A concessão, por sua vez, é a figura apropriada para exploração da infraestrutura dos transportes ferroviário e rodoviário. A transferência da concessão e/ou do controle societário das concessionárias é plenamente aceita e rege-se pela Lei de Concessões, pela Lei nº 10.233, de 5 de junho de 2001, pela Resolução ANTT nº 2.309, de 26 de setembro de 2007 (aplicável às ferrovias) e pela Resolução ANTT nº 2.310, de 26 de setembro de 2007 (aplicável às rodovias).
Tal transferência, que quando feita aos financiadores caracteriza direito de step-in, é condicionada à prévia e expressa autorização da ANTT.

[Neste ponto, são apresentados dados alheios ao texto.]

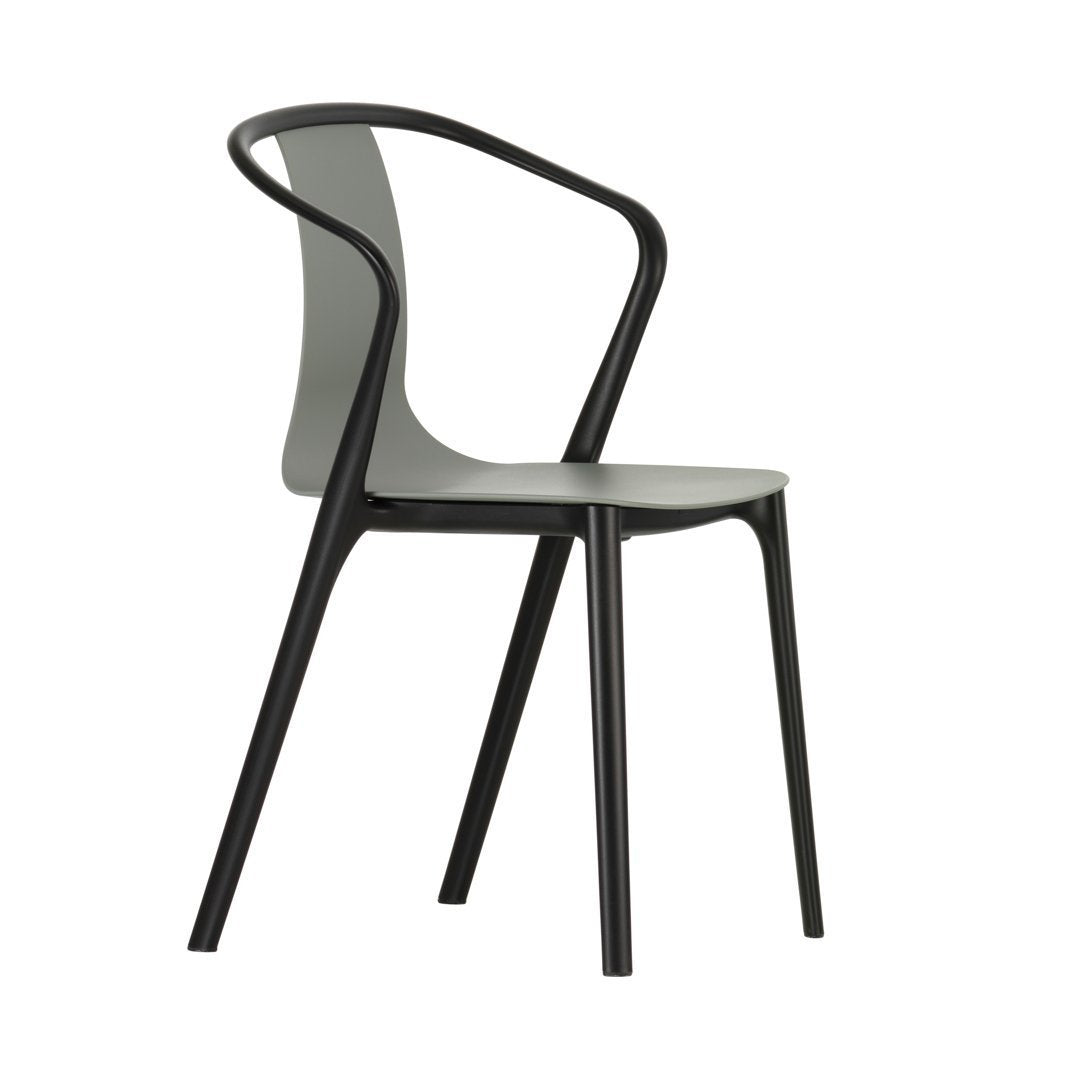 Belleville Plastic Armchair - Modern Indoor & Outdoor Seating for Patio, Garden, and Living Room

Essa anuência pode ser dada no momento de contratação do financiamento, ou seja, antes de qualquer hipótese de inadimplemento que possa dar ensejo à implementação dos step-in rights. É possível receber autorização prévia, dada hipoteticamente para o caso de violação dos termos contratados, antes do desembolso de recursos pelos financiadores, o que resulta em maior disposição para destinar recursos por empréstimo.

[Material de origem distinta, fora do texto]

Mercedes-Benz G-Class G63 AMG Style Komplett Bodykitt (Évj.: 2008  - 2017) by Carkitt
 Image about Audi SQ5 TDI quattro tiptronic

Destaca-se também a existência de minuta de Resolução ANTT que permite expressamente que as concessionárias de transporte ferroviário e rodoviário federal ofereçam ações como garantia em contratos de financiamento, desde que autorizadas pela ANTT. Novamente, não há impedimento a que essa autorização seja anterior às hipóteses de inadimplemento que possam servir de gatilho para os step-in rights.
Seguindo o disposto no art. 27 da Lei de Concessões, a minuta de Resolução ANTT também permite que a Agência dispense os financiadores da comprovação de capacidade técnica para assunção do controle (art. 7º, §4º).
Os step-in rights podem ajudar a destravar investimentos nos setores ferroviário e rodoviário e assim superar os gargalos da logística brasileira. Objetivo importante, pois o governo comprometeu-se a leiloar três rodovias federais nos próximos meses e a aumentar a malha ferroviária em 15 mil quilômetros até 2020, enfatizando a integração nacional por meio das ferrovias "norte-sul", "leste-oeste" e "bi-oceânica".
1 A logística é o principal obstáculo do agronegócio brasileiro. Enquanto na Argentina e nos Estados Unidos os produtores de soja gastam US$ 20 para exportar o produto, no Brasil gastam US$ 92. (“Logística pesa nos custos do produtor” – Valor Econômico – 21/12/2015).